An infinite amount of memory.

The EVM assembly code has jump, and the EVM storage provides the infinite memory. That’s enough for EVERYTHING, including simulating a world that runs a version of Ethereum, which is itself simulating a world that runs Ethereum that is…

The EVM storage for a contract is like an infinite ticker tape, and each slot of the tape holds 32 bytes. Like this:

[32 bytes][32 bytes][32 bytes]...

We’ll see how data lives on the infinite tape.

The length of the tape is 2²⁵⁶, or ~10⁷⁷ storage slots per contract. The number of particles of the observable universe is 10⁸⁰. About 1000 contracts would be enough to hold all those protons, neutrons, and electrons. Don’t believe the marketing hype, as it is a lot shorter than infinity.

The Blank Tape

The storage is initially blank, defaulting to zero.
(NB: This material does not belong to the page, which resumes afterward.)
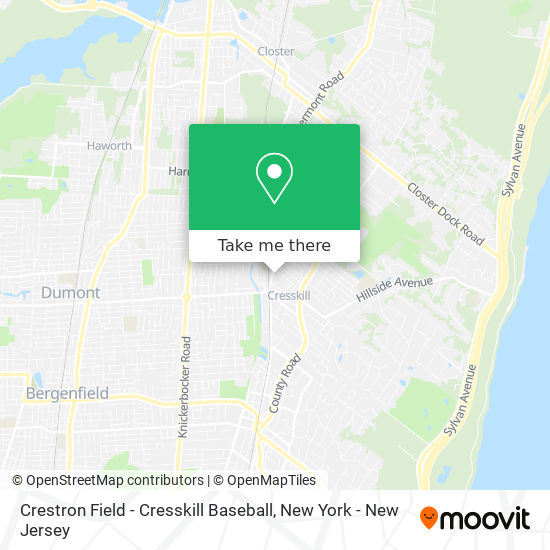 Mapa de Crestron Field - Cresskill Baseball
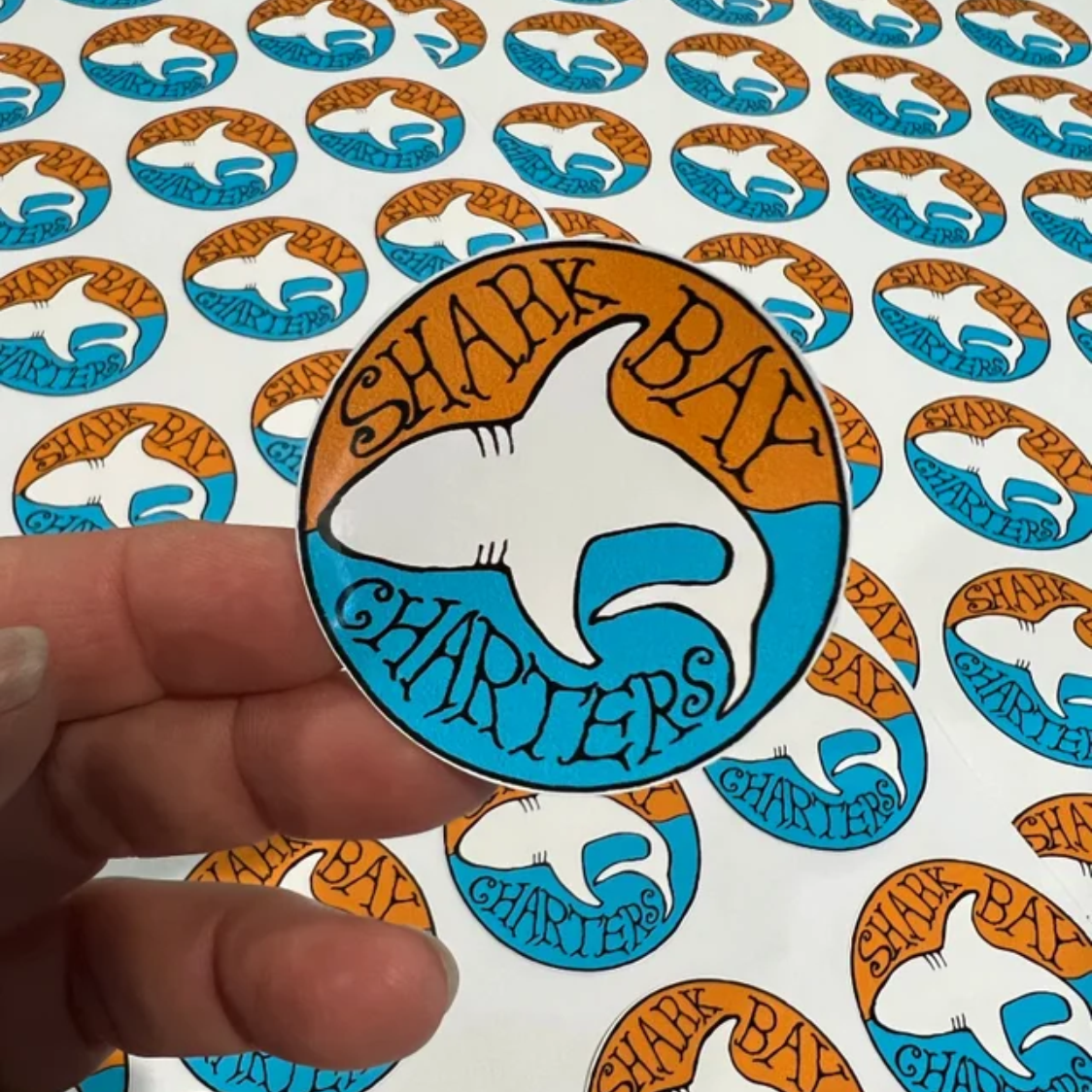 Laminated round stickers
It doesn’t cost you anything to have an infinite tape.

Let’s look at a simple contract to illustrate the zero-value behaviour:

pragma solidity ^0.4.11;contract C {
    uint256 a;
    uint256 b;
    uint256 c;
    uint256 d;
    uint256 e;
    uint256 f;    function C() {
      f = 0xc0fefe;
    }
}

The layout in storage is simple.

The variable a in position 0x0
The variable b in position 0x1
And so on…

The key question: if we only use f, how much do we pay for a, b, c, d, e?

Let’s compile and see:

$ solc --bin --asm --optimize c-many-variables.sol

The assembly:

// sstore(0x5, 0xc0fefe)
tag_2:
  0xc0fefe
  0x5
  sstore

So a storage variable declaration doesn’t cost anything, as there’s no initialization necessary. Solidity reserves a position for that store variable, and you pay only when you store something in it.
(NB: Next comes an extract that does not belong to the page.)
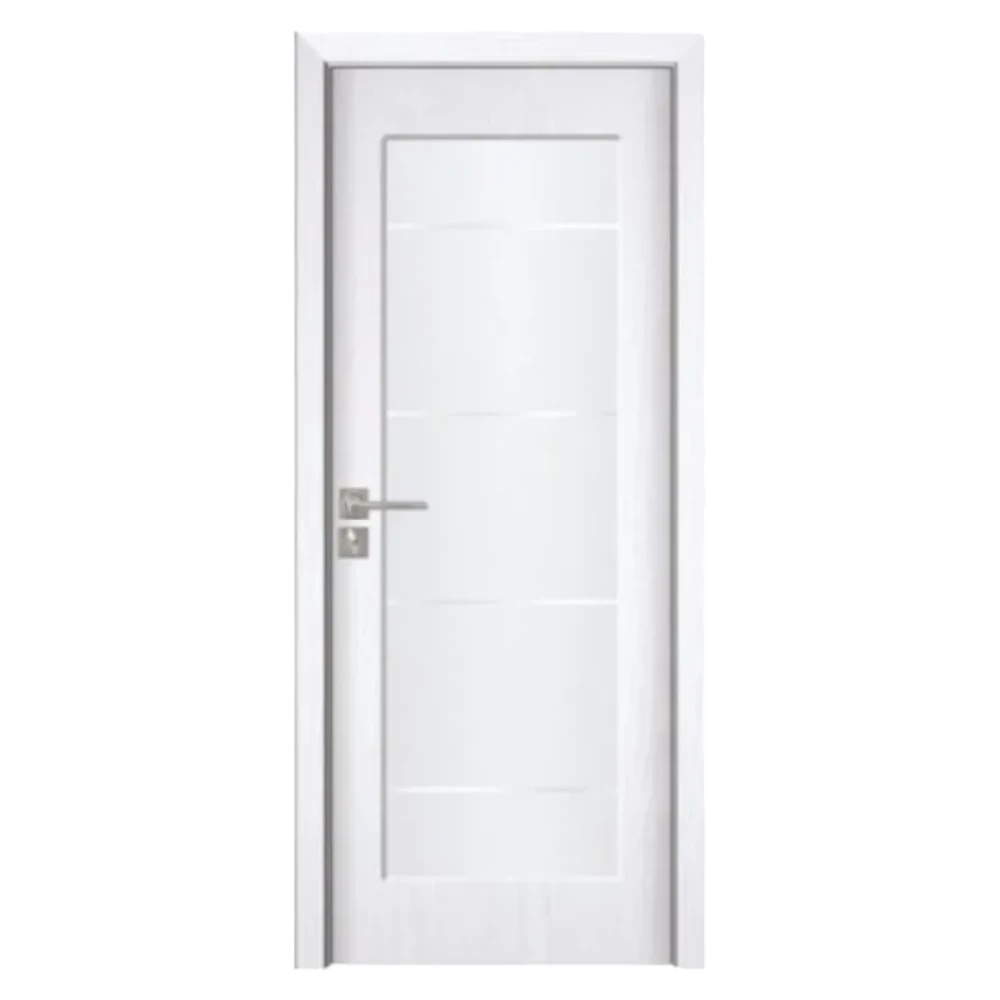 Usa Interior din MDF Novo Doors ND110-1, Cadru din Lemn Masiv, Geam Sablat, KIT COMPLET, Toc , Manere si balamale incluse (Culoare: Alb, Dimensiune: 70 cm, Toc: Fix, Maner: Patrat auriu inchidere magnetica)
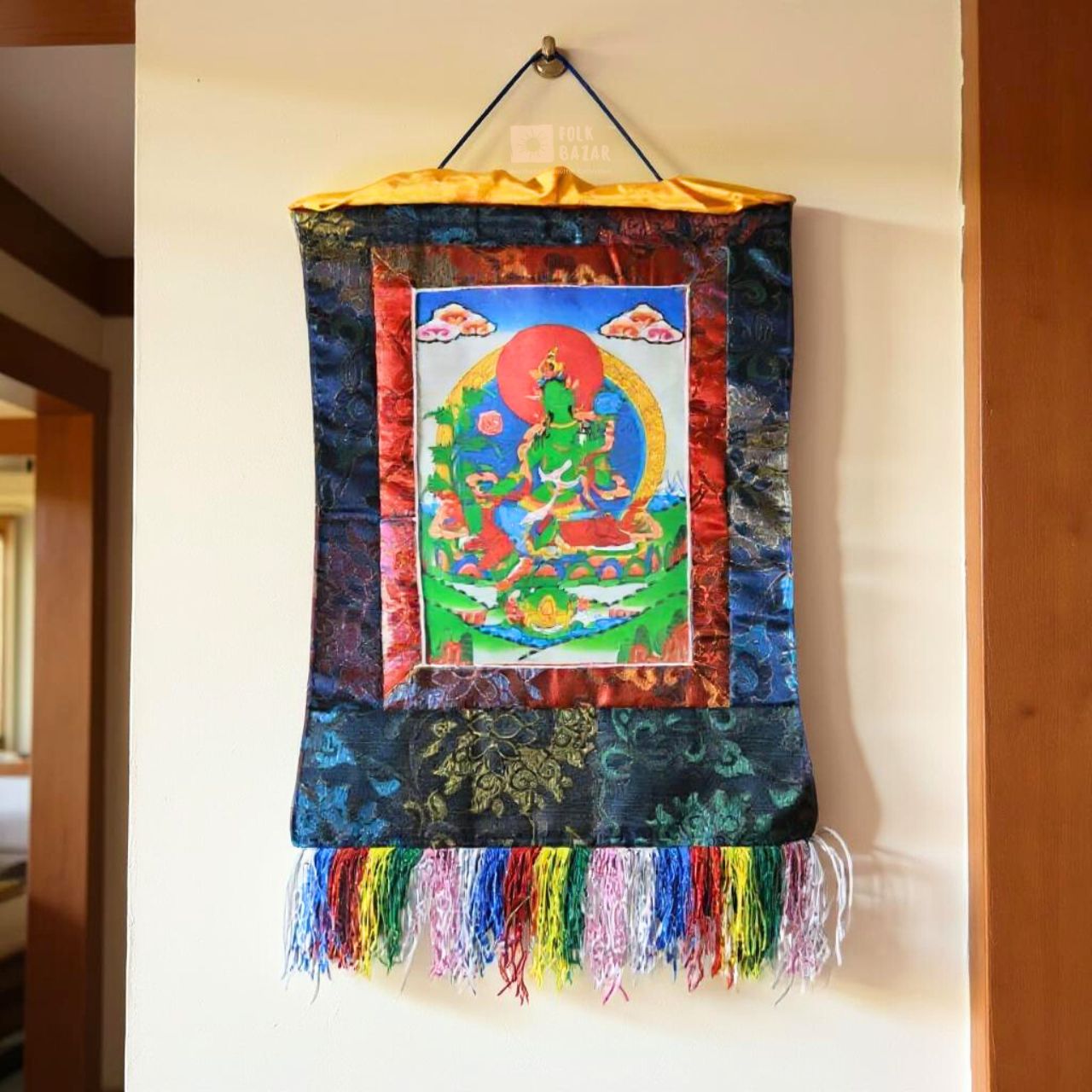 Green Tara - Brocade Computer Canvas Printed Thangka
In this case, we are only paying for storing to 0x5.

If we were writing assembly by hand, we could choose any storage position without having to “expand” the storage:

// Writing to an arbitrary position
sstore(0xc0fefe, 0x42)

Reading Zero

Not only can you write anywhere in storage, you can read from anywhere immediately. Reading from an uninitialized position simply returns 0x0.
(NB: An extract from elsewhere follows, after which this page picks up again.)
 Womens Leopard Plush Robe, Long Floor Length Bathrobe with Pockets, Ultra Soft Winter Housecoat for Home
Let’s see a contract that reads from a, an uninitialized position:

pragma solidity ^0.4.11;contract C {
    uint256 a;    function C() {
      a = a + 1;
    }
}

Compile:

$ solc --bin --asm --optimize c-zero-value.sol

The assembly:

tag_2:
  // sload(0x0) returning 0x0
  0x0
  dup1
  sload  // a + 1; where a == 0
  0x1
  add  // sstore(0x0, a + 1)
  swap1
  sstore

Notice that it’s valid to generate code that sload from an uninitialized position.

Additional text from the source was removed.